The heat, the miles and the lingering bug all have me feeling a bit shit again. We pull into Canoa and I’m happy to down tools at the Eco Hostal Rutamar – the very first place we hit. It’s probably a little more than Frank wants to pay, but he knows I’m not at my best and graciously agrees to stay. We end up there for three nights as I try to shake off the gastro.
Of Canoa, I can’t say much. I lay low most of the time. It is bigger than Ayampe and not quite as green. The Eco-Hostal Rutamar is a comfortable place to stay, though. Decent rooms for the money and a kitchen available for guests to use.
Also staying at the hostal are Mark and Zoe and their daughter Flo. From Cornwall in the UK, they are on a surfing safari through Central and South America.
We hit it off with them instantly and become firm friends. There’s a common thread in that Frank owns a place in Cornwall and lived there before he went wandering. We talk travel, surfing, motorcycles, work, hobbies – whatever comes up. They are a lovely pair and easy to converse with. Flo (aka Flossy) is a whip-sharp 12-year-old with a keen sense of humour and all the attitude of a pre-teen, but without the sharp edges.
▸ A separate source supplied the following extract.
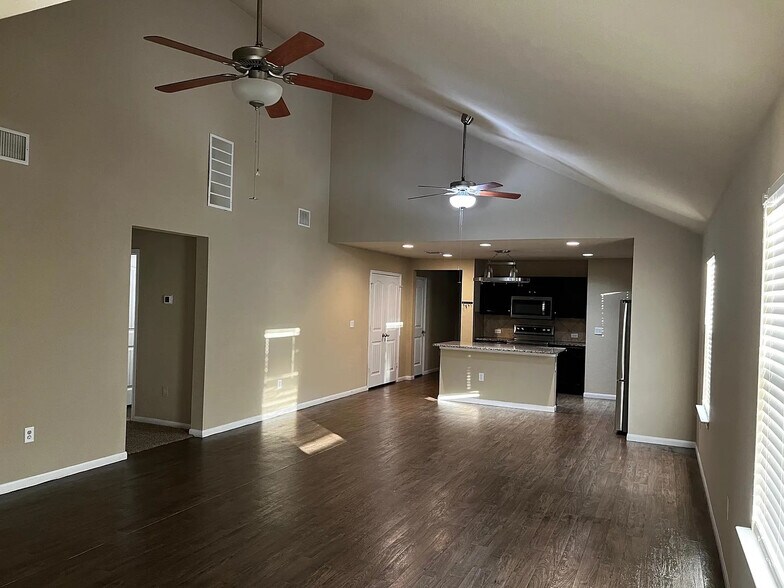 Building Photo - Room in House on Riparian Rd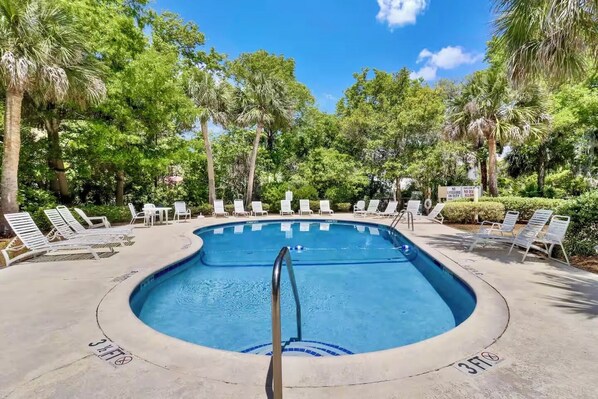 Pool - Chic Beachside Escape at Xanadu Villas (Hilton Head Island)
We fill them in on Ayampe (their next destination) and try to convince them of the benefits of overlanding with your own vehicle. So far, they have been catching buses from one place to another, which is a major hassle with three surfboards.
By day three, I’m back to throwing toilet shapes of normal frequency and consistency. Food is desirable again. It is time to move on.
Mark and Zoe have decided to buy a vehicle to continue their journey. After Ayampe, they will head to Chile to scout one out. There’s a fond farewell, with many handshakes and hugs, then Frank and I hit the road once more, first north to Pedernales and then east in the general direction of Quito.
A few weeks later, I get a touching WhatsApp message from Mark:
“So we have the van and Flossy spent hours cutting out stencils to name the van after the two guys that inspired us. What do you think?”
Stoked. Just stoked.
Comments
One response to “Going troppo”
Great post Pete, one of your best. It really took me to the place and atmosphere that you were enjoying. Keep it up. It brightens our lives and give us access to far away lands and cultures that are beyond our reach.